BERLIN.- Thomas Guggeis was a young repetiteur at the Berlin State Opera five years ago when he was asked a career-changing question: Could he conduct “Salome”?

He had worked with the singers, but this new production of Strauss’ opera was meant to be led by veteran maestro Christoph von Dohnányi — until a dispute with the director led him to back out mere hours before the final dress rehearsal. So Guggeis went on in his place. And he was back in the pit on opening night.

“This was a situation of ‘a star is born,’” said Bernd Loebe, general manager of Frankfurt Opera, who saw Guggeis lead that performance.

It wouldn’t be the last time Guggeis, now 29, stepped into a high-pressure situation. Earlier this season, as the State Opera’s kapellmeister, or house conductor, he picked up rehearsals and two runs of a new “Ring” cycle after Daniel Barenboim withdrew because of illness. And Tuesday, he will make his North American debut at the Metropolitan Opera in New York, leading a revival of Wagner’s “Der Fliegende Holländer,” taking over from Jaap van Zweden.

Things are happening quickly — Guggeis starts as general music director of the Frankfurt Opera this fall — but he is trying to maintain a steady development that some of his peers have abandoned in favor of peripatetic celebrity.

“There was a question of how to go on,” he said in an interview at the State Opera here. “Do you jump on the moving train or do you stay on track? Together with my agent, I decided to keep calm. If an opportunity is meant to be, there will still be interest and possibility in two or three years.”

Apart from an uncle, accomplished percussionist Edgar Guggeis, Guggeis grew up in a nonmusical family in Bavaria. His father was the director of a brewery, and his mother was a tax clerk. But he played instruments from a young age, and sang in choirs.

Guggeis followed those interests to the Hochschule für Musik und Theater in Munich. He studied conducting but, aware of the precarious life it promised, also picked up a degree in quantum physics.

“I was really interested in the subject,” he said, “and I just wanted to have something on the safe side. You never know how it works out as a conductor. When I started, if you asked me, ‘Where do you see yourself in 10 years?’ I would say, ‘I don’t know. But I will have this other degree, and I can always go back to that.’”

Now, Guggeis might read about a discovery related to something he remembers studying in school. But his specialty was theoretical particle physics, which is impossible to follow on a part-time or casual basis. So, he has stopped keeping up with the field.

During his time in Munich, Guggeis was often at the Bavarian State Opera while it was under the music directorships of Kent Nagano and Kirill Petrenko. Between classes one day, he sat in on a rehearsal of Strauss’ “Die Frau Ohne Schatten” led by Petrenko. By the second act, he decided to skip school and stay. He was hooked and saw nearly everything the house had to offer in what amounted to a parallel education. “To see those conductors,” he said, “was amazing, but also so formative.”
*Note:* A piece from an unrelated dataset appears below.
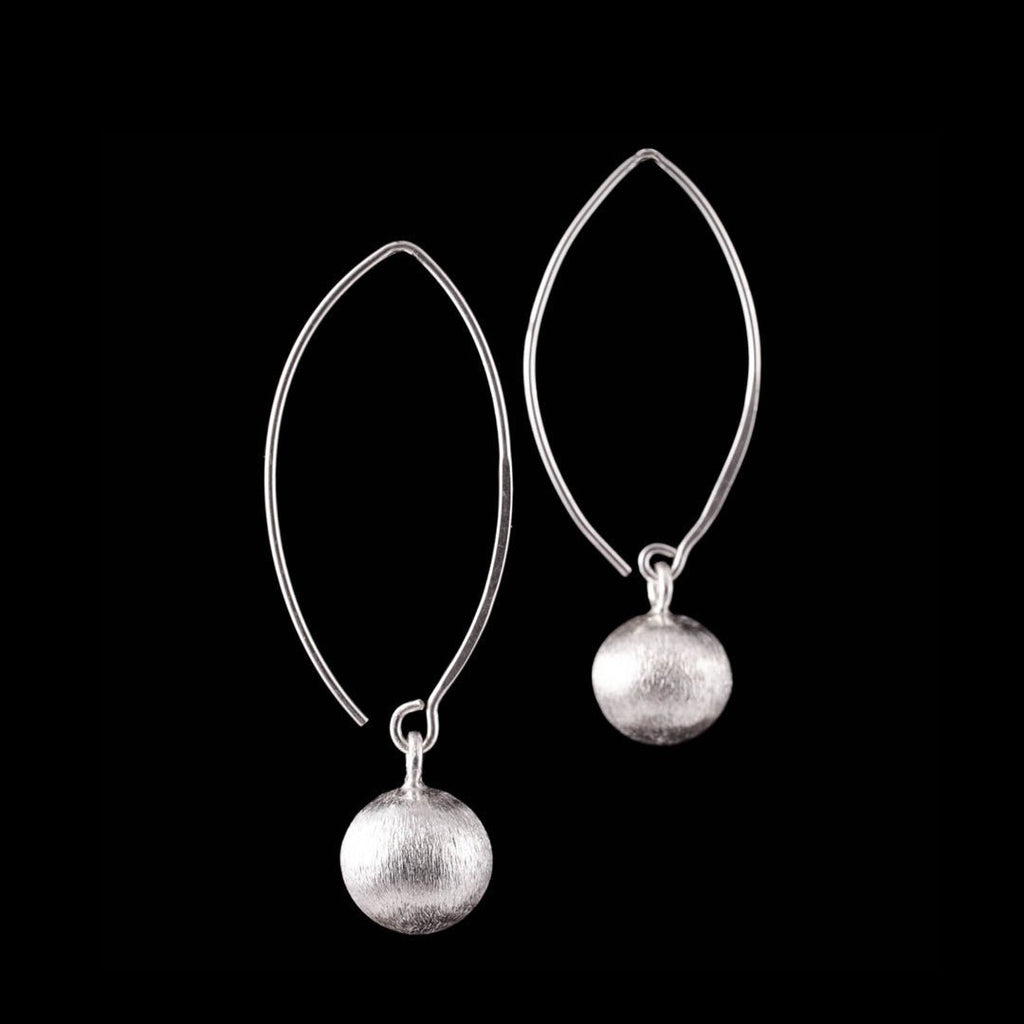 Boucles d'oreilles artisanales en argent massif contemporaines N°18, à la ligne épurée et contemporaine. Les perles griffées captent délicatement la lumière, créant un effet aérien - Itsara bijoux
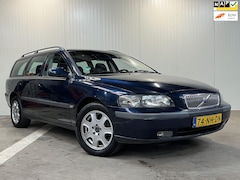 Volvo V70 - 2.4 T Comfort Line Automaat APK tot 12-2025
Guggeis continued to study conducting in Milan, then returned to Germany to serve as a repetiteur in Berlin. He coached singers from the piano but almost never spoke with the house’s long-reigning maestro, Daniel Barenboim. “It was hard to get close to him,” Guggeis said, “because everyone wants something from him there.” But slowly, the two built a relationship.

For his part, Barenboim didn’t need much time at all. He recalled watching the young conductor lead a rehearsal and immediately thinking he was gifted.

“You can see these things straight away with somebody,” Barenboim said. “And he was obviously a very natural conductor. He had a rare combination of easiness and comfortable responsibility. He moved his arms in a natural way and was naturally in command. From the very beginning.”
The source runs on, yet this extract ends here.